Research shows, schools that implement this kind of framework are more successful in deconstructing Aboriginal students' culture of resistance and opposition to the school, than schools that ignore their Indigenous students' perspectives. This may be attributed to the fact that programs of Aboriginal studies sensitise non-Indigenous teachers to Aboriginal students' ways of being, learning and knowing. This simultaneously helps teachers promote a strong sense of identity and belonging for those children; generating cultural capital that is a vital “social asset in the late 20th century”. Unfortunately, considering the connection between educational outcomes and social equity, it is clear that most schools in Australia have perpetuated the place of Aboriginal people in Australia as those who “constitute by far the group disadvantaged to the greatest degree over the longest time”.
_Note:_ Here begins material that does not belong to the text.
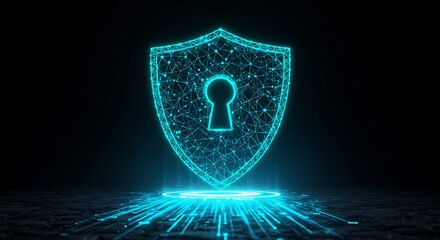 Digital shield with keyhole symbol representing cybersecurity, data protection, and network security in a futuristic neon blue glowing abstract design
Of course, there are other intersecting categories of difference, including socioeconomic status, gender, (dis)ability and locality, that affect the overall academic and social success of a child, which should be taken into account when designing curriculum. However, considering the historical failure of the Australian education system to create equal life chances for Indigenous Australians since colonisation, those categories of difference are subsumed by a child's Aboriginality.